Frank Technow, L. Radu Totir

doi: http://dx.doi.org/10.1101/012971

Estimation set size is an important determinant of genomic prediction accuracy. Plant breeding programs are characterized by a high degree of structuring, particularly into populations. This hampers establishment of large estimation sets for each population. Pooling populations increases estimation set size but ignores unique genetic characteristics of each. A possible solution is partial pooling with multilevel models, which allows estimating population specific marker effects while still leveraging information across populations. We developed a Bayesian multilevel whole-genome regression model and compared its performance to that of the popular BayesA model applied to each population separately (no pooling) and to the joined data set (complete pooling). As example we analyzed a wide array of traits from the nested association mapping maize population. There we show that for small population sizes (e.g., < 50), partial pooling increased prediction accuracy over no or complete pooling for populations represented in the estimation set. No pooling was superior however when populations were large.
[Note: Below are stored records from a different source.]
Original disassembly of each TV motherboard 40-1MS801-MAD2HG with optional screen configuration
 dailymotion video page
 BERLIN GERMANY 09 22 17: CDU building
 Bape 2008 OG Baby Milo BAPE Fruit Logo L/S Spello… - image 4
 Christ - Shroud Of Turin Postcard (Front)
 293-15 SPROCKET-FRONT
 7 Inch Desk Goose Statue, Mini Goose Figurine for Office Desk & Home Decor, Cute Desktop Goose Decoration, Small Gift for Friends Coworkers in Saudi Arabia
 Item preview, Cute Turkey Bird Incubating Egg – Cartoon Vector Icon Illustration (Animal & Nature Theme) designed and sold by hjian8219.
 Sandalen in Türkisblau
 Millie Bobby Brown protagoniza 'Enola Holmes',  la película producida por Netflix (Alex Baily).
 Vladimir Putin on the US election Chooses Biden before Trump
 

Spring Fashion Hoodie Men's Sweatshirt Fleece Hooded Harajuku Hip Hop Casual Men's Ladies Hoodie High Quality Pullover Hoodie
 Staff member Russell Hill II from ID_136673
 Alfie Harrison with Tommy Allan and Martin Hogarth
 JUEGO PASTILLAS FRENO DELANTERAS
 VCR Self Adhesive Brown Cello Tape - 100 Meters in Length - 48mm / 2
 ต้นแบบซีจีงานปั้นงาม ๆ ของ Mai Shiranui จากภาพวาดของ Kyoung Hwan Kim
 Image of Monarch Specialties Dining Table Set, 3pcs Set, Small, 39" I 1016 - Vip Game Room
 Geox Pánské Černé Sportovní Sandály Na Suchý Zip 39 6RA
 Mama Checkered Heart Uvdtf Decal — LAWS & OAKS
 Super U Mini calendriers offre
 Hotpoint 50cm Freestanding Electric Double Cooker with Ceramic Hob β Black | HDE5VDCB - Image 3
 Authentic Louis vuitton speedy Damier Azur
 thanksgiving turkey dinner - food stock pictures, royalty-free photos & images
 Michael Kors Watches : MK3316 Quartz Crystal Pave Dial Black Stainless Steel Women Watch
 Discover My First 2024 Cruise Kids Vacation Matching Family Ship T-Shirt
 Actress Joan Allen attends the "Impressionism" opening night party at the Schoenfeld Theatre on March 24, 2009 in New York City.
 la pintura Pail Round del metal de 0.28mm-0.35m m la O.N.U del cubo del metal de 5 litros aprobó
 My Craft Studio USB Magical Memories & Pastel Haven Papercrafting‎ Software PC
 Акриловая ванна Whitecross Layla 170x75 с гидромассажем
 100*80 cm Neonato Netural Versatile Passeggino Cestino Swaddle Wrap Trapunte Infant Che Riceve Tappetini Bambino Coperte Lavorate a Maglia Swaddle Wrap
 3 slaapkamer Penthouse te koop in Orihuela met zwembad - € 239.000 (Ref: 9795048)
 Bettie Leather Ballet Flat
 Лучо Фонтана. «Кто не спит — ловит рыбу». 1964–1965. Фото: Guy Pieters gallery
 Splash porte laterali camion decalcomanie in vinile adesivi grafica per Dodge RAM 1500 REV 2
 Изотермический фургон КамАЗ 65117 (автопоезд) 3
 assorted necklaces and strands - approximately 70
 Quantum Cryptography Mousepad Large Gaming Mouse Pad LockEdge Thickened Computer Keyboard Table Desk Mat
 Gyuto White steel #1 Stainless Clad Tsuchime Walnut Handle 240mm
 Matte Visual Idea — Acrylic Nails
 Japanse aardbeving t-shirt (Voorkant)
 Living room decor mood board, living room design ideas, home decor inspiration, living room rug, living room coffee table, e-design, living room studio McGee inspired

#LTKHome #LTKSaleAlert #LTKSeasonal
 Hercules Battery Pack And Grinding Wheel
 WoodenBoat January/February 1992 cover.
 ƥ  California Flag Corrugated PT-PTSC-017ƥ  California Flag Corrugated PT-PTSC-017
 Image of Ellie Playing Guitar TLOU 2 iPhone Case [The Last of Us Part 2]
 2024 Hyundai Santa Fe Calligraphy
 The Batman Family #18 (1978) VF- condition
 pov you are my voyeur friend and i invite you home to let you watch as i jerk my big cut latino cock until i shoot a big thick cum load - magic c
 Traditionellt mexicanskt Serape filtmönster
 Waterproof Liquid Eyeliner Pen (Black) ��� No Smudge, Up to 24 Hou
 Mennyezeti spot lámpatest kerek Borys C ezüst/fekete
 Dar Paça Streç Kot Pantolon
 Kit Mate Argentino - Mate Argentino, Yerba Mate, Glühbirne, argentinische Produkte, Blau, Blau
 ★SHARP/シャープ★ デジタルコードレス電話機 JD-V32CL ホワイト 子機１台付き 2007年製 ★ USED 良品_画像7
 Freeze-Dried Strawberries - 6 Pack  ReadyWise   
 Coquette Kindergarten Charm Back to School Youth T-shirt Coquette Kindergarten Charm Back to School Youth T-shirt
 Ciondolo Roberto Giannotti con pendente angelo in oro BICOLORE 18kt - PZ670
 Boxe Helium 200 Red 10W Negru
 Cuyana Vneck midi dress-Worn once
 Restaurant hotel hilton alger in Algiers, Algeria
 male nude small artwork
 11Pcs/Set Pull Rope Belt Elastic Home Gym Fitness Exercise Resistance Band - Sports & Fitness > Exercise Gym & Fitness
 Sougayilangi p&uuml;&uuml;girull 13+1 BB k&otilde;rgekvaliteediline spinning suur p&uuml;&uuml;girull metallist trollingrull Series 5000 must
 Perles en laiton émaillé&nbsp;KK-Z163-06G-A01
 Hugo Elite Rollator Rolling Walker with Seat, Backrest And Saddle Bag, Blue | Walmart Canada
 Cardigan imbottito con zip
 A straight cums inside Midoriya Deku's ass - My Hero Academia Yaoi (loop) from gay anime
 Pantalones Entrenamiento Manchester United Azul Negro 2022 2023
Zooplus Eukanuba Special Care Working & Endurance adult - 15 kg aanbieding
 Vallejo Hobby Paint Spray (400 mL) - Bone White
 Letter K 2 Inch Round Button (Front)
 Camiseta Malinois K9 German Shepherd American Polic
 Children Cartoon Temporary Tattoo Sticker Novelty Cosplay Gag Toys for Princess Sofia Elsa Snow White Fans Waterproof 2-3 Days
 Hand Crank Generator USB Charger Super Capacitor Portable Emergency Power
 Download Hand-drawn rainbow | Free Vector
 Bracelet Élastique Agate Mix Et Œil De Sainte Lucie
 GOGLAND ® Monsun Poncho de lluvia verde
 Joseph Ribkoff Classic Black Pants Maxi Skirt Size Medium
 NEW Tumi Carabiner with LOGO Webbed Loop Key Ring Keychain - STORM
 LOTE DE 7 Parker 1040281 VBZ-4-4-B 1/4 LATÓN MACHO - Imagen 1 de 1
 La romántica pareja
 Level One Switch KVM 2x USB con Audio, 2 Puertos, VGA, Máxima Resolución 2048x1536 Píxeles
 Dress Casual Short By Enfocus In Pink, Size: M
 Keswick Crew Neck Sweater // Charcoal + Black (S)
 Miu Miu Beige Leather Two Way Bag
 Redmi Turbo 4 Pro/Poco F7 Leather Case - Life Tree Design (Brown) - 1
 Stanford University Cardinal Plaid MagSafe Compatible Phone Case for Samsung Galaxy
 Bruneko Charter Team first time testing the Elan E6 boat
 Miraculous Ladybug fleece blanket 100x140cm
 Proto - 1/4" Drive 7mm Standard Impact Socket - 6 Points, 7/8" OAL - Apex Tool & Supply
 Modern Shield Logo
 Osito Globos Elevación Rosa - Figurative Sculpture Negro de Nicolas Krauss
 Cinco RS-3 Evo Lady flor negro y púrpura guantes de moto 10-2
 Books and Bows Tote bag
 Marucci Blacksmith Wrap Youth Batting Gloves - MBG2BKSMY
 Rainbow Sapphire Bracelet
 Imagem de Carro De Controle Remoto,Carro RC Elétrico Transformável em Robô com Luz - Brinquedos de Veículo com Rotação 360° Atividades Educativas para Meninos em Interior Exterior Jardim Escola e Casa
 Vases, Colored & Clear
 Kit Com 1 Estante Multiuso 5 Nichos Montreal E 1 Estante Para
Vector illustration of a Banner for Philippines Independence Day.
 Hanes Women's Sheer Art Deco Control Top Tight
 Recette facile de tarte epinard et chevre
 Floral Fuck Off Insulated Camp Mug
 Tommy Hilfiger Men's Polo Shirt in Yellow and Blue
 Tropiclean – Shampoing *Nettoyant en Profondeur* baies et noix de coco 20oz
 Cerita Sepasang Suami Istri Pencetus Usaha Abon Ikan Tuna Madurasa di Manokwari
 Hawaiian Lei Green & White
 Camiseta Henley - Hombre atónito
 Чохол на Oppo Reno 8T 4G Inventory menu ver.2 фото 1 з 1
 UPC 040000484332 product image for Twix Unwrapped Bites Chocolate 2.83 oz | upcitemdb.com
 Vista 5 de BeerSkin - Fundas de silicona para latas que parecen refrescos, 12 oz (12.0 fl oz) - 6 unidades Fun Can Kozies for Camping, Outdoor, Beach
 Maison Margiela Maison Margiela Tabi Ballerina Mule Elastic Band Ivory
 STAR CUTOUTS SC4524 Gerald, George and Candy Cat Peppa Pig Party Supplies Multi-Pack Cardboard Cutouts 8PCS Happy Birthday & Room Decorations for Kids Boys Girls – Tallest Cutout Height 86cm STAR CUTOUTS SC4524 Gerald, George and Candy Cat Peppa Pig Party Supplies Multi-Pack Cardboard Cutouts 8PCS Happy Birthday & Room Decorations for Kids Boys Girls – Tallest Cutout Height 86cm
In another example data set of interconnected biparental maize populations either partial or complete pooling were superior, depending on the trait. A simulation showed that no pooling is superior when differences in genetic effects among populations are large and partial pooling when they are intermediate. With small differences, partial and complete pooling achieved equally high accuracy. For prediction of new populations, partial and complete pooling had very similar accuracy in all cases. We conclude that partial pooling with multilevel models can maximize the potential of pooling by making optimal use of information in pooled estimation sets.